Welcome to BitClust’s documentation¶
Description¶
BitClust is a Python command-line interface (CLI) conceived for fast clustering of relatively long Molecular Dynamics trajectories following the Daura’s algorithm [1]. Retrieved clusters are roughly equivalent to those reported by VMD’s internal command measure cluster but they are computed in a much faster way (see benchmark section for more details).
What BitClust offers is a classical tradeoff; RAM for speed. It can calculate all pairwise distances between frames to run a clustering job and then store them in memory instead of recalculating them whenever a cluster is found.

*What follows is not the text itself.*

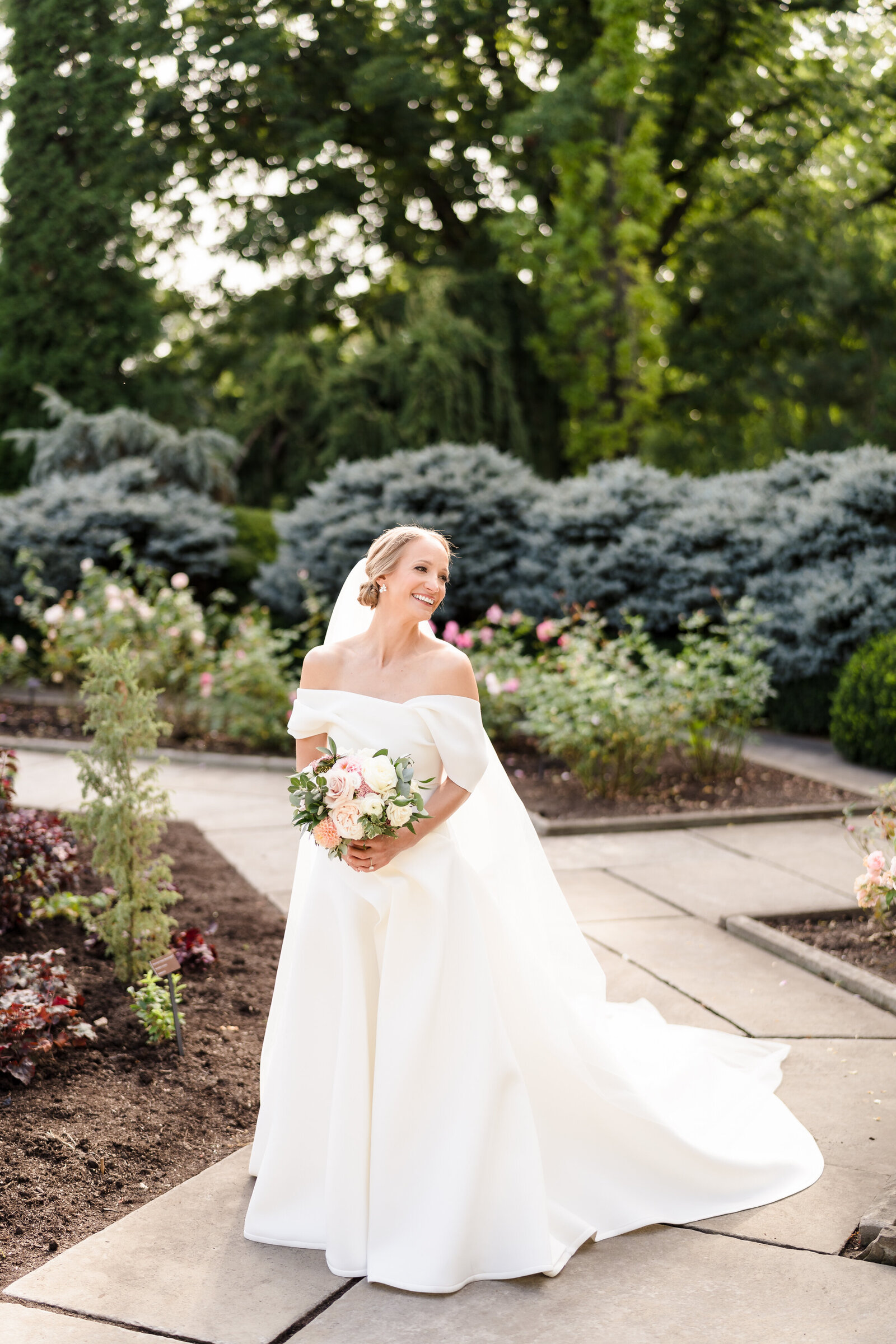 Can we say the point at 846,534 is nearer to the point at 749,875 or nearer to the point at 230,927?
the point at 749,875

It is worth noting that memory resources have been deeply optimized by encoding similarity distances as bits (0 if the distance is less equal than a specified threshold, 1 otherwise). This encoding result in a storage reduction of at least 32X/64X when compared to similar algorithms that save the same information as single/double-precision float values.
Main Dependencies¶
BitClust is built on the shoulders of two giants:
- MDTraj software that allows a very fast calculation of RMSD pairwise distances between all frames of trajectories in a parallelized fashion and
- bitarray third-party python library which offers a memory-efficient data structure of bit-vectors (bit arrays) and a set of bitwise operations that are the very heart of our clustering implementation.
Citation¶
If you make use of BitClust in your scientific work, BitCool and cite it ;)
Licence¶
BitClust is licensed under GNU General Public License v3.0.
Installation¶
MDTraj¶
Before installing BitClust, please be sure that mdtraj
is available
in your system. It is recommended that you install mdtraj
using conda.
$ conda install -c conda-forge mdtraj
conda
is an open source package management system and environment management
system that runs on Windows, macOS and Linux. Conda quickly installs, runs and updates
packages and their dependencies.
You can install mdtraj
with pip
, if you prefer.
$ pip install mdtraj
pip
is the package installer for Python. You can use pip to install packages
from the Python Package Index and other indexes.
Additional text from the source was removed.